> _Your instructions_:
Only the pictures are to be omitted; everything else in the listing must be reproduced exactly.

> _Materials provided_:
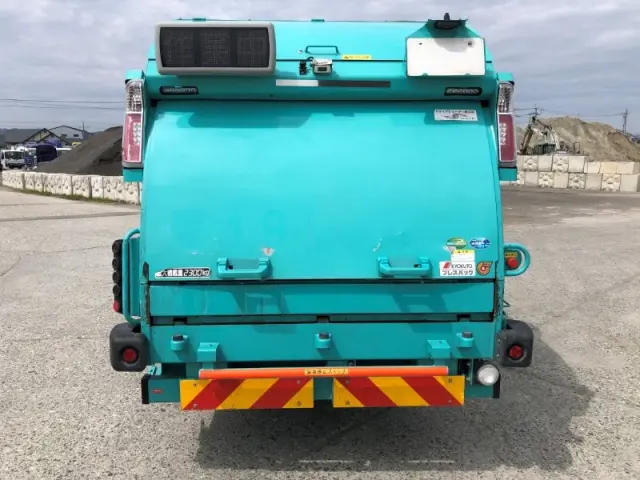 日野 デュトロ 2RG-XZU605X(2WD)の写真6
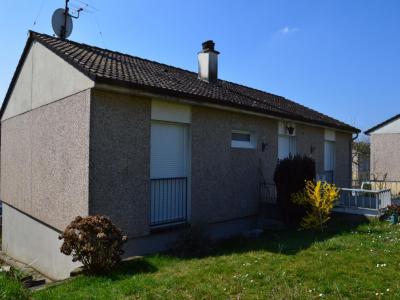 Location Maison 4 pices BOUXIERES-AUX-DAMES 54136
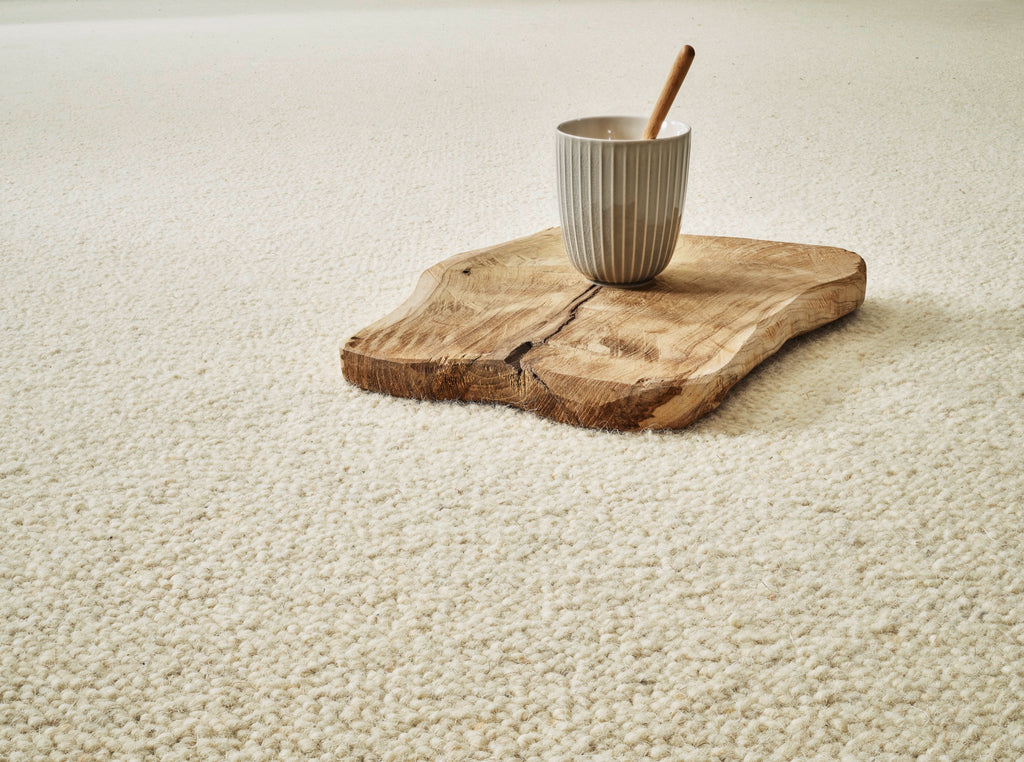 Lanoria Teppichboden | Farbe: Sand (502) | Detailansicht 1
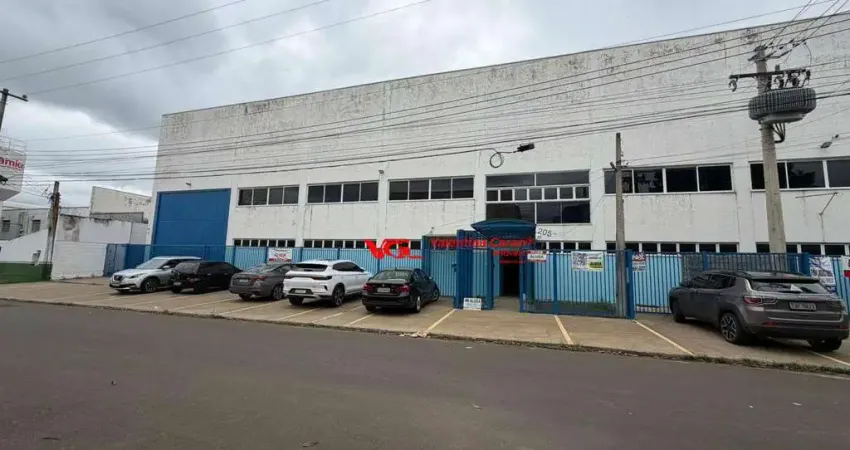 Galpão para alugar, 2559 m² por R$ 62.820,00/mês - Recreio Campestre Jóia - Indaiatuba/SP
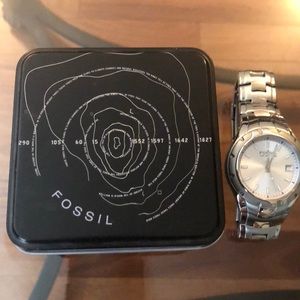 Men’s Fossil Watch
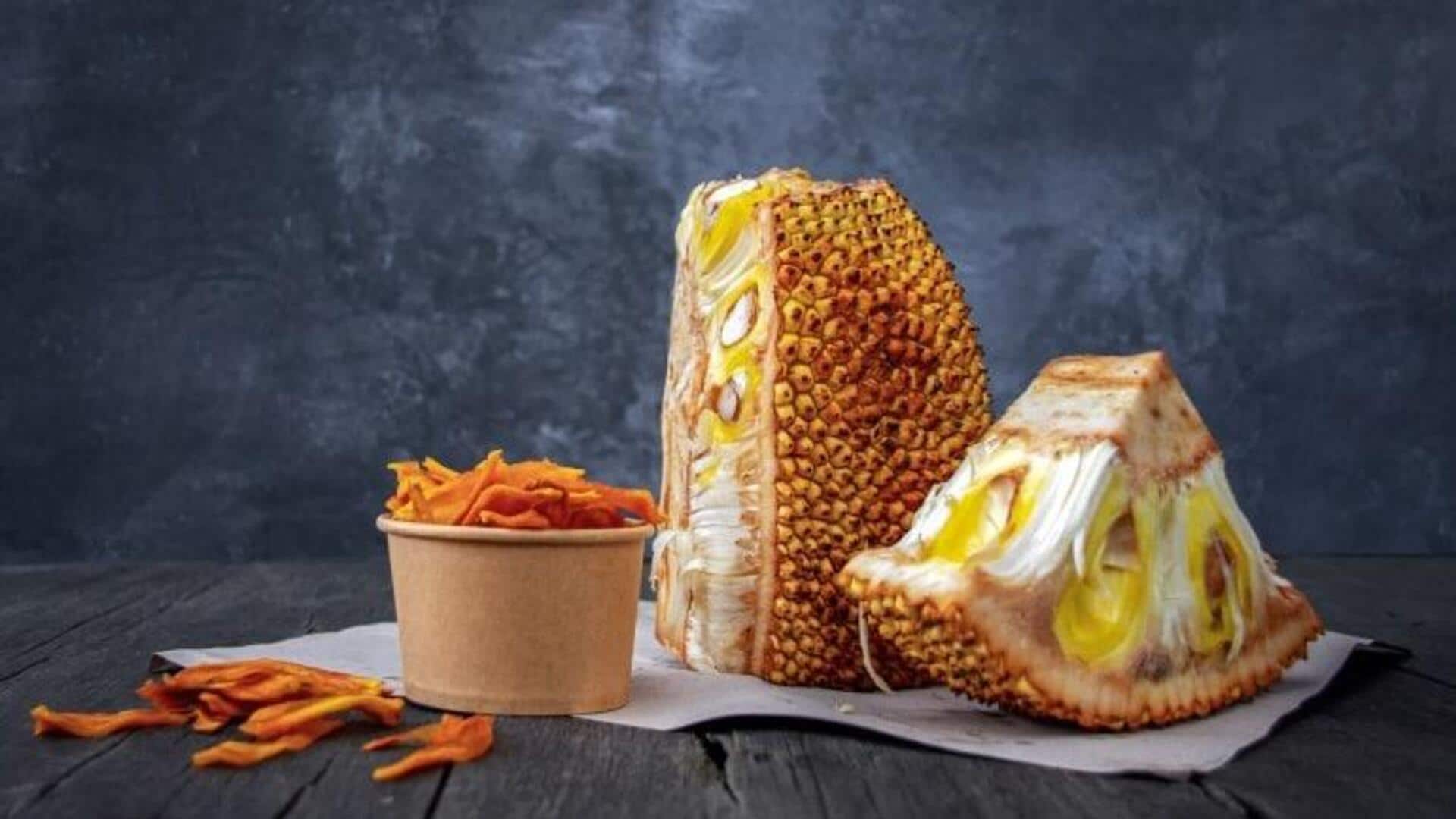 மசாலா பலாப்பழச் சிப்ஸ்: மாலை நேரச் சிற்றுண்டிக்கு ஒரு சிறந்த தேர்வு!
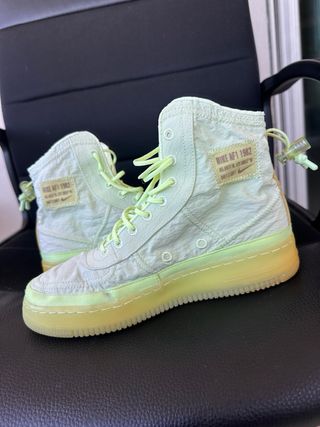 Nike Air Force 1 Verde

> _Your response_:
 日野 デュトロ 2RG-XZU605X(2WD)の写真6
 Location Maison 4 pices BOUXIERES-AUX-DAMES 54136
 Lanoria Teppichboden | Farbe: Sand (502) | Detailansicht 1
 Galpão para alugar, 2559 m² por R$ 62.820,00/mês - Recreio Campestre Jóia - Indaiatuba/SP
 Men’s Fossil Watch
 மசாலா பலாப்பழச் சிப்ஸ்: மாலை நேரச் சிற்றுண்டிக்கு ஒரு சிறந்த தேர்வு!
 Nike Air Force 1 Verde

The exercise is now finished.